Title: "Rear Admiral Ijichi and Cruiser Aso Soon to Pay Visit to Seattle," Seattle Times, 5/23/1909, (ddr-densho-56-152)
Densho ID: ddr-densho-56-152

Rear Admiral Ijichi and Cruiser Aso Soon to Pay Visit to Seattle

Returning the visit of the Atlantic battleship fleet to the shores of Japan last year, the Japanese training squadron, composed of the cruisers Aso and Soya, in command of Rear Admiral H. Ijichi, will leave Vancouver, B.C., this evening at 7 o'clock for Tacoma and Seattle. The cruisers spent two weeks in San Francisco before coming up the Coast. A week was spent at Victoria, Esquimalt and Vancouver, in British Columbia. Last night the round of festivities in honor of the officers and midshipmen on the Aso and Soya was brought to a brilliant close.

In the Tacoma harbor the Japanese warships will be greeted by the armored cruisers Washington, Tennessee and California, of the Pacific fleet, in command of Rear Admiral Uriel Sebree, who recently succeeded Rear Admiral W.T. Swinburne. In a few days the trio of big fighting machines will be joined by the cruisers Maryland, West Virginia and Pennsylvania, which sailed from San Francisco for the Sound yesterday afternoon. Sailing from the Golden Gate city May 31 the cruiser Colorado will come to Seattle.

Weighing anchors in Tacoma harbor Sunday, May 30, at noon, the fleet of American cruisers will convoy the Aso and Soya to Seattle, Where they will arrive at 3 o'clock in the afternoon. The warships of the two countries will form the naval display attending the opening ceremonies of the Alaska-Yukon-Pacific Exposition June 1.

The visit to the Pacific shores of the United States by the Nippon warships has been most cordial, and in San Francisco the little brown men were extended every courtesy by the commercial organizations of the city and by their countrymen in the Golden Gate city. The reception to the officers and men in the Victoria was a repetition of the welcome accorded them in California. Vancouver, their present host, arranged a number of exceedingly successful receptions.

Tacoma had arranged an elaborate program for the visitors from across the Pacific.

The commercial bodies and Japanese associations of Seattle are arranging a program that bids fair to eclipse any reception tendered the Japanese officers and midshipmen since they left the shores of the Land of the Rising Sun.

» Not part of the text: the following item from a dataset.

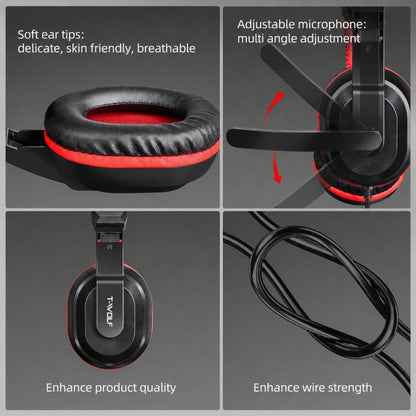 T-WOLF H150 Dual 3.5mm Plugs Gaming Headset with Microphone Over-Ear Stereo Wired PC Headphones with 40mm Speaker Drivers, H150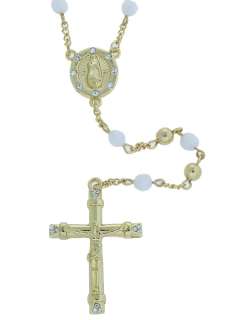 GOLD AND WHITE ROSARY STYLE#RGW4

Japanese residents of Seattle have raised in the neighborhood of $20,000 with which to entertain their countrymen. The program is made up of dinners, receptions and entertainments. One feature of the welcome to Seattle will be a big display of fireworks in the harbor each night. The commercial bodies of Seattle are making ready to receive Admiral Ijichi and his staff and every courtesy will be extended them. The management of the Alaska-Yukon-Pacific Exposition has set aside a special day for the Japanese.

Leaving Seattle the training squadron will proceed direct to Japanese waters.

Admiral Ijichi and some of those officers who are accompanying him on the training cruisers Aso and Soya are noted in the annals of Japanese naval warfare. The admiral was "Father" Togo's right hand man on board the flagship Mikasa during those eventful days of the blockade of Port Arthur and the final debacle of the Sea of Japan when, after the Nippon Yusen Kaisha liner Shinano Maru, which is on her way from Seattle to Yokohama, earning her "kanjo" by reporting the coming of Rojestventsky's squadron, which sank the Admiral Nakimoff during the battle of the Sea of Japan, and other officers have also had notable experiences.

One of the cadets is a Japanese count. He is a midshipman on the cruiser Soya. He is the second son of Marquis Nabeshima, of Yokohama, who was in the Japanese cabinet at the time when Japan had crept out of its shell and was feeling its way into the wide world. He has two sisters in London and an elder brother, who manages the family estates in Japan and Korea. He speaks English fluently, having received special courses by a tutor, besides his regular studies of the language at the naval academy.